While I was in the hospital, my sweet husband was at home taking care of our five kids. He rocked his first solo showering experience, even brushing our four girls’ curly hair for the first time. He didn’t brush it ‘the way mommy does’ as our oldest will admit, but I think she went easy on him. I can’t promise any of their clothes matched, but he still got them dressed.
He got the kids up for school every morning, packed lunches, and made breakfast. That first morning was a little rough as he left pancakes burning on the griddle, walking in to a home filled with smoke. But hey, at least he made the effort for pancakes instead of dry cereal, right?
He juggled his job and the kids like the superstar he is. He was constantly checking in on me, even bringing the kids up to visit when they needed some mommy love. But I think he knew I needed to see them more.
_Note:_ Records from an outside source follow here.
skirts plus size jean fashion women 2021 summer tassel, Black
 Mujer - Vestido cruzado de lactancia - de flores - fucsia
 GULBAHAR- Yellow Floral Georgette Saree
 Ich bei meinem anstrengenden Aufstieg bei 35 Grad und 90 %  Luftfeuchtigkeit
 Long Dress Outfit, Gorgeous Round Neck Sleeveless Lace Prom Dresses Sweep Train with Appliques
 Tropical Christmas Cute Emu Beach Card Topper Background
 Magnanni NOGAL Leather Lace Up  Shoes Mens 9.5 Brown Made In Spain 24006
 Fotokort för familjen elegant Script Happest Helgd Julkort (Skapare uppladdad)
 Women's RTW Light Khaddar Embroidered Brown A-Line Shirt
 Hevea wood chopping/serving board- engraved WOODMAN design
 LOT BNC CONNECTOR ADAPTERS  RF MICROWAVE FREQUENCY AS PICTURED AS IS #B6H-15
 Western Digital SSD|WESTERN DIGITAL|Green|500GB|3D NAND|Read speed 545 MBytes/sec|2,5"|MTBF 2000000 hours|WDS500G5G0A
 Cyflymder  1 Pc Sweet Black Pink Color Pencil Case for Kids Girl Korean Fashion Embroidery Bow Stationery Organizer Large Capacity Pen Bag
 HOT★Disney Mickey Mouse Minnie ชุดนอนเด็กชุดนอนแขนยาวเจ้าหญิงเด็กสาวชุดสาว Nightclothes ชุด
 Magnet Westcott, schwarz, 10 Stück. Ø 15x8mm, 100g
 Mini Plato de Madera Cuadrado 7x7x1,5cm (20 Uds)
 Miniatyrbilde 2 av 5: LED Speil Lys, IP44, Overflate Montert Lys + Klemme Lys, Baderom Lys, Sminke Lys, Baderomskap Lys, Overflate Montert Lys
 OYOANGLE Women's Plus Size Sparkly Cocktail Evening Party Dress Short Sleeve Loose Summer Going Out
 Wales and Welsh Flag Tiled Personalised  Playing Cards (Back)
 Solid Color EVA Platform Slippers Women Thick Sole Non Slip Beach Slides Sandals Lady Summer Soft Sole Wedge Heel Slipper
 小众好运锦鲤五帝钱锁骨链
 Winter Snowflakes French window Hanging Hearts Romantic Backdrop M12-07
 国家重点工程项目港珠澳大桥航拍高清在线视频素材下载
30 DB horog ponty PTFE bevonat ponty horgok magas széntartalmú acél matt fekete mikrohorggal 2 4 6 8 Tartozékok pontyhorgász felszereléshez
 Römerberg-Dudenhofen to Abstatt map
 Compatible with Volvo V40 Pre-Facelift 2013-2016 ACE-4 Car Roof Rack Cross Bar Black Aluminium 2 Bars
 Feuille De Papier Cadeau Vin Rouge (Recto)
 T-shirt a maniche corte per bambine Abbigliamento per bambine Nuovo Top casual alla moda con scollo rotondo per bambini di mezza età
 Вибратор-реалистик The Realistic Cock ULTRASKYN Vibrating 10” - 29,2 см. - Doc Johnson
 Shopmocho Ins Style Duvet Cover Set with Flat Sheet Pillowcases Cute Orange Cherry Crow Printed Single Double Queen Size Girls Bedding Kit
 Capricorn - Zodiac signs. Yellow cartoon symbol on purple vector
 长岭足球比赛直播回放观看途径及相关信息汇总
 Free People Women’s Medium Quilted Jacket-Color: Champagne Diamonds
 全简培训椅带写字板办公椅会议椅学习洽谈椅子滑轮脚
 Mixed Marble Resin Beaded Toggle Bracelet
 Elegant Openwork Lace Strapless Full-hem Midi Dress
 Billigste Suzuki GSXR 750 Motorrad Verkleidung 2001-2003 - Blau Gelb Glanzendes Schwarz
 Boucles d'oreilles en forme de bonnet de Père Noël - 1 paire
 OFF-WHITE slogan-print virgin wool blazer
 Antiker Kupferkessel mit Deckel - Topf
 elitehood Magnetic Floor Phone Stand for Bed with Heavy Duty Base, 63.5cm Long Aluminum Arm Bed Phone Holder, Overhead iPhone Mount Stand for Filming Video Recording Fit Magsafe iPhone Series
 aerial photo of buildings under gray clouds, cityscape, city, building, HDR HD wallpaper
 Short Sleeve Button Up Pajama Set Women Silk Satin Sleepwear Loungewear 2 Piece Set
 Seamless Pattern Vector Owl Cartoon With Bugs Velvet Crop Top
Being away was nice for a few hours, but the reality is – I missed the heck out of them.
Eventually everything with baby started to calm down. I was sent home on bed rest, which was a first for me. It was also really bad timing as we were moving to a new state in just a few weeks. But Tim took the challenge head on. He packed up the house by himself and didn’t complain once about it. I think getting me safely to Colorado to deliver was the huge motivation behind it all. We really didn’t want to have this baby in California.
I eventually passed my kidney stones at home, barely even caring about the pain of it. I was so overwhelmed with worry for my baby that the stones were so far off my radar. I spent hours each day during those first weeks of bed rest using my baby doppler to listen to baby’s heartbeat. I was always checking in and making sure I could still find a heart rate when I felt the need.
The whole experience in the hospital was a really humbling one for Tim and me. He gained a new perspective of what I go through day in and day out as a stay at home mom. But I gained a whole lot of respect for him in the way he stepped up. I know he’s their dad and I know he would have been able to handle it regardless. But it’s the way in which he did it. He didn’t ask for help or even once complain. He naturally stepped into that role and hit it out of the park. Everyone should marry and have children with their own version of Tim Schultz.
And yes, thank heavens, we made it Colorado safe and sound, with baby doing just fine.”